Benarkah Mengirim 'Siswa Nakal' ke Barak Memutus Siklus Kekerasan?

Senin, 30 Jun 2025 16:08 WIB
Benarkah Mengirim 'Siswa Nakal' ke Barak Memutus Siklus Kekerasan?
Ilustrasi anak kecanduan game. Foto: Unsplash
Jakarta -

Kalau sekolah tak lagi bisa buat kamu disiplin, mungkin kasur tipis dan teriakan ala barak militer bisa. Ya, inilah kebijakan baru dari Gubernur Jawa Barat, Dedi Mulyadi (KDM) yang berani menggiring siswa-siswi yang dianggap 'nakal' ke barak militer demi membentuk karakter mereka lewat pendekatan militeristik. Bagi Dedi Mulyadi, salah satu kategori siswa nakal adalah anak-anak yang kecanduan game online.

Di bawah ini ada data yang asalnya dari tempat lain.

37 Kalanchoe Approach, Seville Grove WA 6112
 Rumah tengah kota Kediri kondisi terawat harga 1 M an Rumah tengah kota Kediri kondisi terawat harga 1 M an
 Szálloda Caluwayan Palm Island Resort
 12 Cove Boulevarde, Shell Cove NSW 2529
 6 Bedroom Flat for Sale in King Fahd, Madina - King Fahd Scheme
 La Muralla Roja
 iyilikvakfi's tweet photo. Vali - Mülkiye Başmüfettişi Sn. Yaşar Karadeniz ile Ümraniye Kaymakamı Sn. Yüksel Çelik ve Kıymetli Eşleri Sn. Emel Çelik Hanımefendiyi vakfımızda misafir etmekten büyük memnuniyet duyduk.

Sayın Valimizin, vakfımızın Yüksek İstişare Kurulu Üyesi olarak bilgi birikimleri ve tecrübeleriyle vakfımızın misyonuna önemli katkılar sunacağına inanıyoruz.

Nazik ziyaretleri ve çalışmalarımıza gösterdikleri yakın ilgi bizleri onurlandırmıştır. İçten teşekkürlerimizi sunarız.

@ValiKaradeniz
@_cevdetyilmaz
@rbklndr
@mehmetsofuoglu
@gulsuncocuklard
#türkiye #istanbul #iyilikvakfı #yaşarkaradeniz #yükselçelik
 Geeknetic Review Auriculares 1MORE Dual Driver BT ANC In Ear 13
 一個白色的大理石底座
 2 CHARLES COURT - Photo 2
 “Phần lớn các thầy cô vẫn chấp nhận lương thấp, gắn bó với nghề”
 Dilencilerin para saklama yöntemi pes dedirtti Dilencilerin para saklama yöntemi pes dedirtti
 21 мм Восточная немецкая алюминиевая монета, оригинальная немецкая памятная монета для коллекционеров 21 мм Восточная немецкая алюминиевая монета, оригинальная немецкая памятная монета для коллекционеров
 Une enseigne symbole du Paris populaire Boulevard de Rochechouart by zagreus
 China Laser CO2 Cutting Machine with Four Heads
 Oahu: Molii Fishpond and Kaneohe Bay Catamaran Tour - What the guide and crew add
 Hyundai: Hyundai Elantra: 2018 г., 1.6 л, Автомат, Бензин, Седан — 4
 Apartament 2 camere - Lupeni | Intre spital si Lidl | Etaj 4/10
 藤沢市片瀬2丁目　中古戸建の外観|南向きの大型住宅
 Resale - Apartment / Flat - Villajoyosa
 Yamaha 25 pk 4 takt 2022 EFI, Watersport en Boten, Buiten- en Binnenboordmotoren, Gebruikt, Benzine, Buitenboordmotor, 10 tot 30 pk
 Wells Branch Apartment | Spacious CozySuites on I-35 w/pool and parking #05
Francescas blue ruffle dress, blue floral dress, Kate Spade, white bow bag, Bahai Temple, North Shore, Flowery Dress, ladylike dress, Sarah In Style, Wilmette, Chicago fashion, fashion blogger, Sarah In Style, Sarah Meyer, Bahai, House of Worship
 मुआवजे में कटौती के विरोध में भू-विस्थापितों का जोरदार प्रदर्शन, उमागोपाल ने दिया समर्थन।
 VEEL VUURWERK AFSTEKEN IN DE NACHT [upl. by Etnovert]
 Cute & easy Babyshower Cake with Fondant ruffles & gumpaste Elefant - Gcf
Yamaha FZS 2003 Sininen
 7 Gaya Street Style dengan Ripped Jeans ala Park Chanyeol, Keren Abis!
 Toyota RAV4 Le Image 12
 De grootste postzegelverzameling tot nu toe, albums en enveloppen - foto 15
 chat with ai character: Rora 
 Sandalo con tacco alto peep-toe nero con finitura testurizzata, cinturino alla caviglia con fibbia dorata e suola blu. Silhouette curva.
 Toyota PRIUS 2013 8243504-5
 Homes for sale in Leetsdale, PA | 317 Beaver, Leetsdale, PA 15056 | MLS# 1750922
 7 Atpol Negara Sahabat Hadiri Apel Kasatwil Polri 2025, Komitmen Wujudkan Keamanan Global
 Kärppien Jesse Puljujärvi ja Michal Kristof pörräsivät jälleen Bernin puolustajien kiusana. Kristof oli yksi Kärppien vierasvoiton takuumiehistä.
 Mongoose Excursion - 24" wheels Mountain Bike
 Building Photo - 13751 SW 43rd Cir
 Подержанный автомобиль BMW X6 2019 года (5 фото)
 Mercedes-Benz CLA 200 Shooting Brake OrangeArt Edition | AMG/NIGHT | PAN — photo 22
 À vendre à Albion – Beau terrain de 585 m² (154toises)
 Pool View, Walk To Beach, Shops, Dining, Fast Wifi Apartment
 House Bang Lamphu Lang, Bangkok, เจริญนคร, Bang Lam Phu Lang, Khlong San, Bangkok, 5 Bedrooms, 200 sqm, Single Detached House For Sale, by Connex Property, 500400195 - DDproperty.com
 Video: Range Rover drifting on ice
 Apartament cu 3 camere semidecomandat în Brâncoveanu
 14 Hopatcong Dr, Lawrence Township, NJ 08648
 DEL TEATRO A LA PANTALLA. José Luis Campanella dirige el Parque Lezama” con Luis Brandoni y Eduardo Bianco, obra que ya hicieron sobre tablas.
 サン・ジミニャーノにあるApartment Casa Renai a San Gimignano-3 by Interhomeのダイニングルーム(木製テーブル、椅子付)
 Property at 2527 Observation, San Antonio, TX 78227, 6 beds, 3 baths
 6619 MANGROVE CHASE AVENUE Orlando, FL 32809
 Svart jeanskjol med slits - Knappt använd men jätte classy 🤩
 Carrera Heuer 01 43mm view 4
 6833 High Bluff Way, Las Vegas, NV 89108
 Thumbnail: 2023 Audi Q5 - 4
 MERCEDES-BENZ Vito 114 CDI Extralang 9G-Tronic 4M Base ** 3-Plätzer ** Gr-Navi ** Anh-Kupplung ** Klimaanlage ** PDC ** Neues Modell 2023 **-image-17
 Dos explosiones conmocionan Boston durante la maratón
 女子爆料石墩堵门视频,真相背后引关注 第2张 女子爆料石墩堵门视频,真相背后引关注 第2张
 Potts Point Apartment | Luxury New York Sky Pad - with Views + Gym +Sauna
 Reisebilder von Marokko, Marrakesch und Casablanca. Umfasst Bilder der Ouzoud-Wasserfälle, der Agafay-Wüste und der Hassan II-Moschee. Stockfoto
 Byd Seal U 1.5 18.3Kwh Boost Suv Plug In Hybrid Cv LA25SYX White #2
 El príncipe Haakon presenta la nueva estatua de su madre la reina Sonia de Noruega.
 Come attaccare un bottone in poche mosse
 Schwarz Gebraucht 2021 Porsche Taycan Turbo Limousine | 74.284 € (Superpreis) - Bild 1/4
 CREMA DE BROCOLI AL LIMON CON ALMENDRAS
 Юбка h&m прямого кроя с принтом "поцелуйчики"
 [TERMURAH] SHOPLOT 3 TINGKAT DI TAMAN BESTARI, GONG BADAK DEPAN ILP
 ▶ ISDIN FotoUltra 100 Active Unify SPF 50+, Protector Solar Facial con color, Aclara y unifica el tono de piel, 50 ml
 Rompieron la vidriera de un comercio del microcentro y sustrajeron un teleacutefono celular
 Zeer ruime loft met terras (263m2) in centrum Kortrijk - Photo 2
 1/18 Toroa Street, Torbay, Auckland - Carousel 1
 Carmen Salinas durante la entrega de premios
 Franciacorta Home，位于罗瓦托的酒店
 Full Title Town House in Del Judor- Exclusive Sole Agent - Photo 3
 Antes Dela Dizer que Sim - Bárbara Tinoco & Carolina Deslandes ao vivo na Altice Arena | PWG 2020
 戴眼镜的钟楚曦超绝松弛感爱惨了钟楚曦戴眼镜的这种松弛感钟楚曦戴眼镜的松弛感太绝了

Memang benar masalah kecanduan game di Indonesia bukan persoalan kecil. Asosiasi Penyelenggara Jasa Internet Indonesia (APJII) mencatat sebanyak 42,23% pemain game online menghabiskan waktu lebih dari 4 jam per hari untuk bermain. World Health Organization (WHO) bahkan memasukkan gaming disorder sebagai kondisi gangguan mental. Jika tidak segera diatasi, kecanduan game bisa berdampak buruk bagi kesehatan si pelaku.

Namun demikian, sejak awal program ini sebenarnya telah menuai kritik dari berbagai kalangan karena dinilai bukan solusi yang tepat. Dikutip dari Detik, Ketua Komisi Perlindungan Anak Indonesia (KPAI) Ai Maryati Solihah, mengatakan program ini tidak ditentukan berdasarkan asesmen psikolog profesional dan berpotensi melanggar hak anak.

Tetapi, KDM tidak mundur. Ia bahkan menyebut pihak-pihak pengkritik program barak militer sebagai "pembenci" yang tidak memiliki jiwa nasionalisme. Dalam beberapa kesempatan, Dedi menekankan bahwa program ini dilakukan semata-mata demi membentuk karakter generasi muda yang disiplin, tangguh, dan cinta tanah air.

Tetapi, benarkah anggapan karakter disiplin seorang anak hanya bisa dibentuk lewat pendekatan yang keras ala militer?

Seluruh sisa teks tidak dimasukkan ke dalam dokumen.